MANILA, Philippines — Due to the unbelievable ease of passport controls and customs inspections – make that nonexistent – we were not aware that we had crisscrossed boundaries from country to country.
This is contrary to experiences in the past when we approached the dreaded border crossings, my parents would always remind us kids to be on our best behavior.
The idyllic town of Schegen in Luxembourg.
“We’re right on the border triangle of these three countries,” Patrick pointed out.
We noticed the signage that spelled Schengen, and unanimously, our group of six requested an abrupt detour for an unplanned pilgrimage, to the namesake of the valuable document Filipinos hoping to travel to Europe need to have in their passports.
Surrounded by vineyards everywhere, we headed straight to the Information Museum, which houses the Musee Europeen Schengen, a permanent triangular exhibition showcasing the importance of the Schengen Agreement through glass-covered display cabinets of documents and signatures, plus several interactive exhibits on the history of European integration.
We learned that the village of Schengen, a quaint wine-making community which has its beginnings only in the 1950s, keeps its homely vibe with today’s 4,300 inhabitants within just 31 square kilometers. And yet, its clout reaches 26 member-states and countries, with a total population of almost 420 million, spanning an area of 4.3 million square kilometers.
Just to get an idea on how massive the perimeters are, the entire zone consists of almost 8,000 square kilometers of land and 43,000 square kilometers of sea.
This was all made possible by the Schengen Agreement, signed in 1985 aboard the Princess Marie-Astrid cruise vessel on the Moselle River moored by the village, with the first five signatories being the European Economic Community nations of Belgium, France, Germany, Luxembourg and the Netherlands.
The group just had to make an unscheduled stop at Schengen.
With a single stroke of a pen the majority of the frontier walls within the European region were progressively abolished due to this all-important treaty that promotes the free movement of people and goods across each other’s borders.
In time, the list of states expanded through negotiations and concurrences, and now, the Schengen Area is composed of 26 participating countries, to include Austria, Belgium, Czech Republic, Denmark, Estonia, Finland, France, Germany, Greece, Hungary, Iceland, Italy, Latvia, Liechtenstein, Lithuania, Luxembourg, Malta, the Netherlands, Norway, Poland, Portugal, Slovakia, Slovenia, Spain, Sweden and Switzerland.
This monumental contract has likewise given birth to the Schengen Visa, which grants travelers access to all the member-states. In essence, it’s a one-size-fits-all entrance to most of Europe – a favored grace for our countrymen.

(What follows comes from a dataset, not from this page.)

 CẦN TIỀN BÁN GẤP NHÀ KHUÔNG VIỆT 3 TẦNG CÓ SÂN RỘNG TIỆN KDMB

Gone are the days when passports had to do the rounds – the rigodon – of Manila-based embassies to accumulate the visas required for an extended European holiday.
Today, this tedious exercise has been reduced to one application, usually at the embassy of the country where one’s European sojourn will begin.
Continuing our short walking day tour led us to the Colonnes des Nations, three pillars which sport a total of 26 stars, one for each signatory state. Right beside are their respective flags proudly waving in the wind, while bronze name plates are embedded on the pavement next to each other, as a sign of solidarity.
Close by are two original sizable slabs of the Berlin Wall, which serve as testimony to the breaking down of the restrictions within divided Germany.
The Colonnes des Nations.
Our last stop was the Schengen Castle, which dates back to 1390, but had been rebuilt in the 19th century. This fort turned manor house is identified by its medieval round central tower, and has since been converted to a luxury hotel and conference center amongst the lush greenery of the countryside.
Resting on benches by the river, we glanced over several brochures and noticed the surrounding wineries of Lucien Gloden, Paul Legill and Domaine Henri Ruppert, which produce full-bodied pinot blanc, pinot gris, riesling, cabernet and gerwurztraminer.
To end our pilgrimage in the midst of some 12.5 hectares of trellises which boast of rows and rows of vines with few buds, which will eventually become the quality product of the establishments, we envisioned a drink or two on a return trip someday – but that’s for another time, another story.